__PROMPT__:
Nothing outside the range below should be printed. Output exactly the lines from the line with "一键修图p图美颜相机官方正版图2" to the line with "JORDAN 1 LOW运动训练篮球鞋553558-147", both included.

----

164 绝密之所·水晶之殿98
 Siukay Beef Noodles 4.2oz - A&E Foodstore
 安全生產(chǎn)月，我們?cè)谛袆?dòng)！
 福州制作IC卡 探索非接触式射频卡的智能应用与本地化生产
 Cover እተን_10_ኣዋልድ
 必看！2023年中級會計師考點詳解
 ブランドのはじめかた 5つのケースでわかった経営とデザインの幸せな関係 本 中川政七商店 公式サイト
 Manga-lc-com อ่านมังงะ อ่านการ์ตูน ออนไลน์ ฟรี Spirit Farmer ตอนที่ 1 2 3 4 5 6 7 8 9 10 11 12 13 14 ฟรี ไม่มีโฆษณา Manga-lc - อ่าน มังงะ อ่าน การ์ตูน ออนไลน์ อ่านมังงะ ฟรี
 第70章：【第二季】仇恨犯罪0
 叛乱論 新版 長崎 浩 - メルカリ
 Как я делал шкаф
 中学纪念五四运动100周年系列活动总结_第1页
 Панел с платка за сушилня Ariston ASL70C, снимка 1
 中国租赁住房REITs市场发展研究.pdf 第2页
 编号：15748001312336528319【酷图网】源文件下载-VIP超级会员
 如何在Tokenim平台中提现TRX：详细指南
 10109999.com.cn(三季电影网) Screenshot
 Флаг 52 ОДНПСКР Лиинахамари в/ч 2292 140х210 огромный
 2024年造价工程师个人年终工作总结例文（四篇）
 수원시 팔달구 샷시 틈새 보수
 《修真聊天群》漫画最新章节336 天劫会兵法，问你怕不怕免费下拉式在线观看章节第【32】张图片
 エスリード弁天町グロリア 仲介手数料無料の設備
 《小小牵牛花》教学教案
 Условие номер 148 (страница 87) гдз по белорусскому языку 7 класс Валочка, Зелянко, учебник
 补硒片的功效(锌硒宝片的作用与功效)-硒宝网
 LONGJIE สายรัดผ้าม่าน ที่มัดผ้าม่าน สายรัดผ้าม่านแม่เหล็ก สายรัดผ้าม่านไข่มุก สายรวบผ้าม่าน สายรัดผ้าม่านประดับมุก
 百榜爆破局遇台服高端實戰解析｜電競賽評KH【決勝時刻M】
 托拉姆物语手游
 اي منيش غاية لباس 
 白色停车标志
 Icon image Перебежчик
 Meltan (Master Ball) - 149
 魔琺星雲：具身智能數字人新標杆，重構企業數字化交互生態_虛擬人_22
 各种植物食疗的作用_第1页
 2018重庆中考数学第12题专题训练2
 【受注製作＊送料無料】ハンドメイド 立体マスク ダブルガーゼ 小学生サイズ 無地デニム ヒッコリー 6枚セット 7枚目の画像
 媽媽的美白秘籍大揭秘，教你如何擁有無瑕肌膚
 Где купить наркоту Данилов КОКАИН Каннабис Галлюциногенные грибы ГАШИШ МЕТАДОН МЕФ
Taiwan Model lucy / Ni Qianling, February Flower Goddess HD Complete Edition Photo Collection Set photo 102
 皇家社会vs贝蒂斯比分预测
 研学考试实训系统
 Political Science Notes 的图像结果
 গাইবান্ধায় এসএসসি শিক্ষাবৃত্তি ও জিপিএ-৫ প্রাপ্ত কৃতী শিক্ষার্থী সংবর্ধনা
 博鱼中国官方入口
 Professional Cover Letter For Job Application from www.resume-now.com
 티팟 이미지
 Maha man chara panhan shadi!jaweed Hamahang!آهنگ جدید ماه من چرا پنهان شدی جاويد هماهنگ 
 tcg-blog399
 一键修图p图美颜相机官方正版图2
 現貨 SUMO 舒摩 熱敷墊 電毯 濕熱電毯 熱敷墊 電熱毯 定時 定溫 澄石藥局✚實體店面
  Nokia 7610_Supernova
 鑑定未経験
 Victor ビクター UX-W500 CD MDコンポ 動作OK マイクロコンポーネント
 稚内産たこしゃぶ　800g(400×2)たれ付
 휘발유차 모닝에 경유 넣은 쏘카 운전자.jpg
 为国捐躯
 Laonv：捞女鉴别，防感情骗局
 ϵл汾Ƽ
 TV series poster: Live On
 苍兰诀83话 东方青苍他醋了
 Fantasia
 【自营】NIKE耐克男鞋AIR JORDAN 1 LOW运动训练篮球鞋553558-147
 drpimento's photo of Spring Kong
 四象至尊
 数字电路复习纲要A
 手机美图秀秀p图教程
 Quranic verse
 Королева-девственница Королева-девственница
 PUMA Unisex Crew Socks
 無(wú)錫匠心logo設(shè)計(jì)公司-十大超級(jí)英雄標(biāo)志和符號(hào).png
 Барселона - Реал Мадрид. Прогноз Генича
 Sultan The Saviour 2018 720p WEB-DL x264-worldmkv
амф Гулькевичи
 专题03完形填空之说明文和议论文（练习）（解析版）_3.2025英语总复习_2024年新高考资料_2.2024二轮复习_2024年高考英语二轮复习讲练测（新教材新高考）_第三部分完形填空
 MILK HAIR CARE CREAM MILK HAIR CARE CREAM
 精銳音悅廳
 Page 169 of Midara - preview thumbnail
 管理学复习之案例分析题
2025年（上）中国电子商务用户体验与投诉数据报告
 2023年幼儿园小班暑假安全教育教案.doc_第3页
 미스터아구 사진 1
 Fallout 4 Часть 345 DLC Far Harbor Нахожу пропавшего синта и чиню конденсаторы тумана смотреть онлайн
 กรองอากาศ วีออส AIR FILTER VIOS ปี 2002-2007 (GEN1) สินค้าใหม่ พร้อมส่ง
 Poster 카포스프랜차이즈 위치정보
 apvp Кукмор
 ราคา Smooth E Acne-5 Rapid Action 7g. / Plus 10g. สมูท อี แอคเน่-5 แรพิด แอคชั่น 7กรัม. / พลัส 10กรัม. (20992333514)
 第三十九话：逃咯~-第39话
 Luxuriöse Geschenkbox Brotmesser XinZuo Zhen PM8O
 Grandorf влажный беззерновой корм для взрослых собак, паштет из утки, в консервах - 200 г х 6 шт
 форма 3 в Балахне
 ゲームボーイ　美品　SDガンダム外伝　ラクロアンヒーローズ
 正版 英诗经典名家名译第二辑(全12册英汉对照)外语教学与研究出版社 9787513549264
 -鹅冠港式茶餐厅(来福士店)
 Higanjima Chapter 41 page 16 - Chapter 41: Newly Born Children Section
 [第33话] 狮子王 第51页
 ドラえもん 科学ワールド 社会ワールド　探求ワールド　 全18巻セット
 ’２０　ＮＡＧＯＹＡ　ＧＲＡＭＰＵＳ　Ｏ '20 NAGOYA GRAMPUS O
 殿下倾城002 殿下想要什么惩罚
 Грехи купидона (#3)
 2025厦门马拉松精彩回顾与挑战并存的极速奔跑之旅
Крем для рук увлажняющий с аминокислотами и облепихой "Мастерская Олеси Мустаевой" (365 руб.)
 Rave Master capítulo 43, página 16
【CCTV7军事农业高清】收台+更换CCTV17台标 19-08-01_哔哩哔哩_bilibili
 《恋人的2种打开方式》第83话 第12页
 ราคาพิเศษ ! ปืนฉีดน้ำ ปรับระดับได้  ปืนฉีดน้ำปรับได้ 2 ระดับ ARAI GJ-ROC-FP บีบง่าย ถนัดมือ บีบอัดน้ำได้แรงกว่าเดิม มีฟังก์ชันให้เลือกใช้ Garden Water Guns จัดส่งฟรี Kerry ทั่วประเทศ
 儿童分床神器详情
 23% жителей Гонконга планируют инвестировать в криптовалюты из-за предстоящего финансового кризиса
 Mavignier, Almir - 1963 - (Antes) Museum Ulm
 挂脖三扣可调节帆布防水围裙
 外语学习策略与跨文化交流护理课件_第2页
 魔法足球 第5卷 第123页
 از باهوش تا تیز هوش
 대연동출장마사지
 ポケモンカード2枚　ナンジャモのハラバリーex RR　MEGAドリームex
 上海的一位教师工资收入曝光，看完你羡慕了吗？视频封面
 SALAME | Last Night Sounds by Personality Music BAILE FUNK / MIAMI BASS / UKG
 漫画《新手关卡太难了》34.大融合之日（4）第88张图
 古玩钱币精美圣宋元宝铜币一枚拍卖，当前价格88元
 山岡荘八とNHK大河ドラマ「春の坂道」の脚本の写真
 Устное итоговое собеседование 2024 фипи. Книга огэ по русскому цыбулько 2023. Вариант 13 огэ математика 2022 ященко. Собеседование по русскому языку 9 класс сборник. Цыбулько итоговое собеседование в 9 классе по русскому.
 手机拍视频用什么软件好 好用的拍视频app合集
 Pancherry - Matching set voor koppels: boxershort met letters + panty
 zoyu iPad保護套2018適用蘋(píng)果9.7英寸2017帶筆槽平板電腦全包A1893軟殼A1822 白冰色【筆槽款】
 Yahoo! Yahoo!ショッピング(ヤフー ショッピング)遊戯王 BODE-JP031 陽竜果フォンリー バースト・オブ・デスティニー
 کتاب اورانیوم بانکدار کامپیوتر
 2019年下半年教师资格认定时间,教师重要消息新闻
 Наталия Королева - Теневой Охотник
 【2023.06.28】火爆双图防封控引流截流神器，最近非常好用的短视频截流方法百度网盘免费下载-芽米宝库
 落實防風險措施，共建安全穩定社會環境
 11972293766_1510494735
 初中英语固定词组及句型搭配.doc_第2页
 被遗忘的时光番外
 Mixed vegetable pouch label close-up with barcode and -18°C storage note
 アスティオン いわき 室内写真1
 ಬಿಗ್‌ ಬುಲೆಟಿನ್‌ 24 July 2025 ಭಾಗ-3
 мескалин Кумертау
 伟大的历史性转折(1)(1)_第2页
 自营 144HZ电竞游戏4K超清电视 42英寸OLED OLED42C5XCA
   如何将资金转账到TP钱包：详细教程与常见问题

----

__THE COMPLETED TASK__:
 一键修图p图美颜相机官方正版图2
 現貨 SUMO 舒摩 熱敷墊 電毯 濕熱電毯 熱敷墊 電熱毯 定時 定溫 澄石藥局✚實體店面
  Nokia 7610_Supernova
 鑑定未経験
 Victor ビクター UX-W500 CD MDコンポ 動作OK マイクロコンポーネント
 稚内産たこしゃぶ　800g(400×2)たれ付
 휘발유차 모닝에 경유 넣은 쏘카 운전자.jpg
 为国捐躯
 Laonv：捞女鉴别，防感情骗局
 ϵл汾Ƽ
 TV series poster: Live On
 苍兰诀83话 东方青苍他醋了
 Fantasia
 【自营】NIKE耐克男鞋AIR JORDAN 1 LOW运动训练篮球鞋553558-147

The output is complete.